Many people with anorexia see themselves as overweight, even when they are starved or are clearly malnourished. Eating, food and weight control become obsessions. A person with anorexia typically weighs herself or himself repeatedly, portions food carefully, and eats only very small quantities of only certain foods. Some who have anorexia recover with treatment after only one episode. Others get well but have relapses. Still others have a more chronic form of anorexia, in which their health deteriorates over many years as they battle the illness.
According to some studies, people with anorexia are up to ten times more likely to die as a result of their illness compared to those without the disorder. The most common complications that lead to death are cardiac arrest, and electrolyte and fluid imbalances. Suicide also can result.
Many people with anorexia also have coexisting psychiatric and physical illnesses, including depression, anxiety, obsessive behavior, substance abuse, cardiovascular and neurological complications, and impaired physical development.
Other symptoms may develop over time, including:
* thinning of the bones (osteopenia or osteoporosis)
* brittle hair and nails
* dry and yellowish skin
* growth of fine hair over body (e.g., lanugo)
* mild anemia, and muscle weakness and loss
* severe constipation
* low blood pressure, slowed breathing and pulse
* drop in internal body temperature, causing a person to feel cold all the time
Bulimia nervosa is characterized by recurrent and frequent episodes of eating unusually large amounts of food (e.g., binge-eating), and feeling a lack of control over the eating. This binge-eating is followed by a type of behavior that compensates for the binge, such as purging (e.g., vomiting, excessive use of laxatives or diuretics), fasting and/or excessive exercise.

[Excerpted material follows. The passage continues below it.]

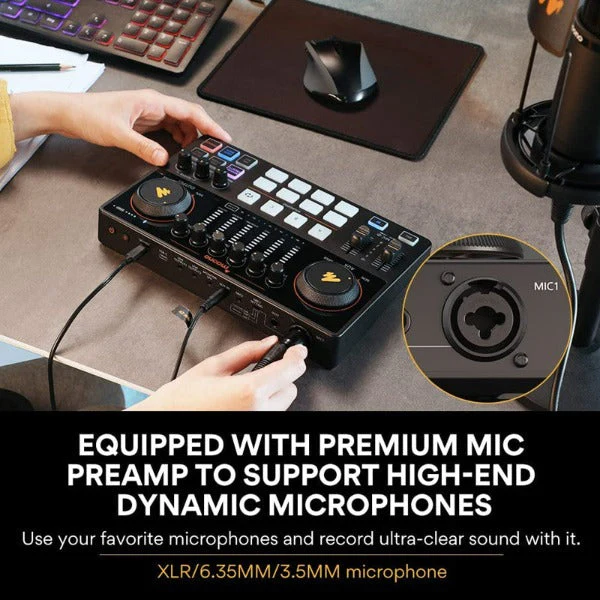 Maonocaster AME2 Integrated Audio Production Studio Sound Card For Live Streaming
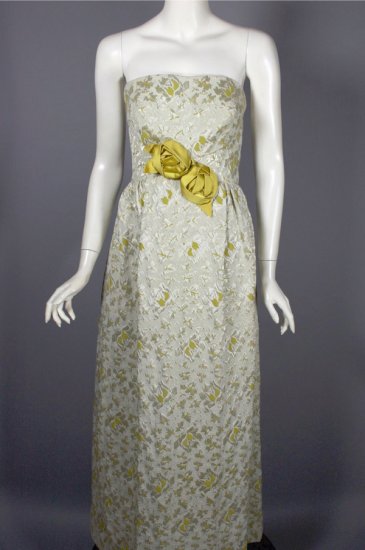 DR1211-Helena Barbieri gown 1960s strapless evening dress ivory brocade - 05.jpg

Unlike anorexia, people with bulimia can fall within the normal range for their age and weight. But like people with anorexia, they often fear gaining weight, want desperately to lose weight, and are intensely unhappy with their body size and shape. Usually, bulimic behavior is done secretly, because it is often accompanied by feelings of disgust or shame. The binging and purging cycle usually repeats several times a week. Similar to anorexia, people with bulimia often have coexisting psychological illnesses, such as depression, anxiety and/or substance abuse problems. Many physical conditions result from the purging aspect of the illness, including electrolyte imbalances, gastrointestinal problems, and oral and tooth-related problems.
Other symptoms include:
* chronically inflamed and sore throat
* swollen glands in the neck and below the jaw
* worn tooth enamel and increasingly sensitive and decaying teeth as a result of exposure to stomach acids
* gastroesophageal reflux disorder
* intestinal distress and irritation from laxative abuse
* kidney problems from diuretic abuse
Eating disorders are treatable diseases
Psychological and medicinal treatments are effective for many eating disorders. However, in more chronic cases, specific treatments have not yet been identified.
In these cases, treatment plans often are tailored to the patient's individual needs that may include medical care and monitoring; medications; nutritional counseling; and individual, group and/or family psychotherapy. Some patients may also need to be hospitalized to treat malnutrition or to gain weight, or for other reasons.